* [Entries provided]
--- START ---

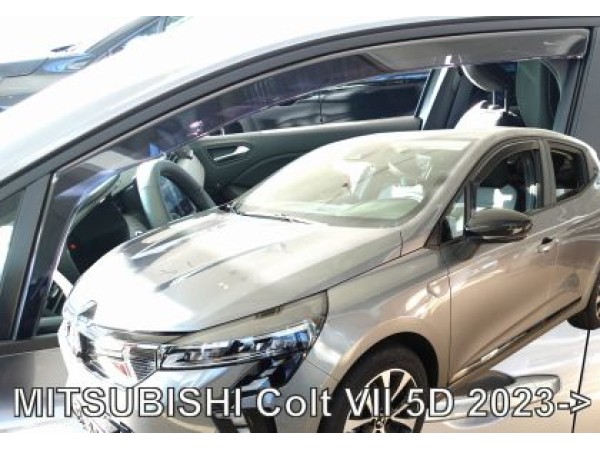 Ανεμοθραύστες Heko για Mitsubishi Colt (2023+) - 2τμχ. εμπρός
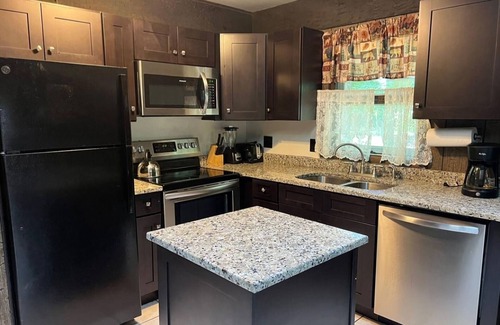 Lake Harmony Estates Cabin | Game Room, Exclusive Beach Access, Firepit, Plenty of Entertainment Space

--- END ---
--- START ---

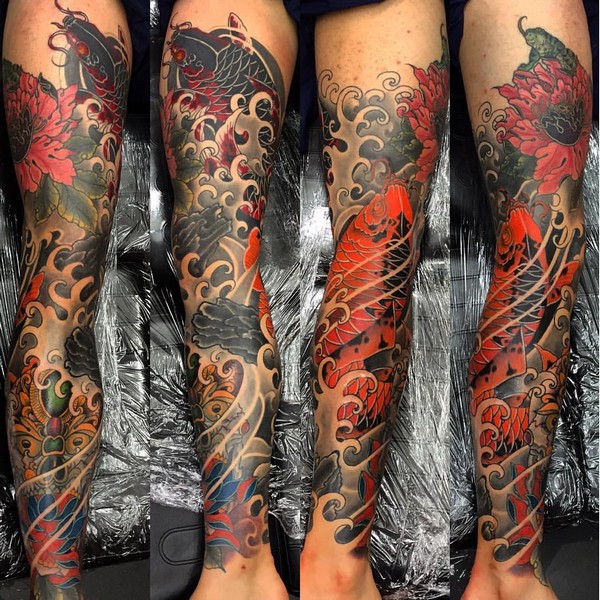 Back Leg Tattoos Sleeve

--- END ---

* [Exercise description] Return exactly the lines that appear in the data above between the line containing "Ανεμοθραύστες Heko για" and the line containing "Lake Harmony Estates", both of which are included, and leave the pictures out.

* [Task result]
 Ανεμοθραύστες Heko για Mitsubishi Colt (2023+) - 2τμχ. εμπρός
 Lake Harmony Estates Cabin | Game Room, Exclusive Beach Access, Firepit, Plenty of Entertainment Space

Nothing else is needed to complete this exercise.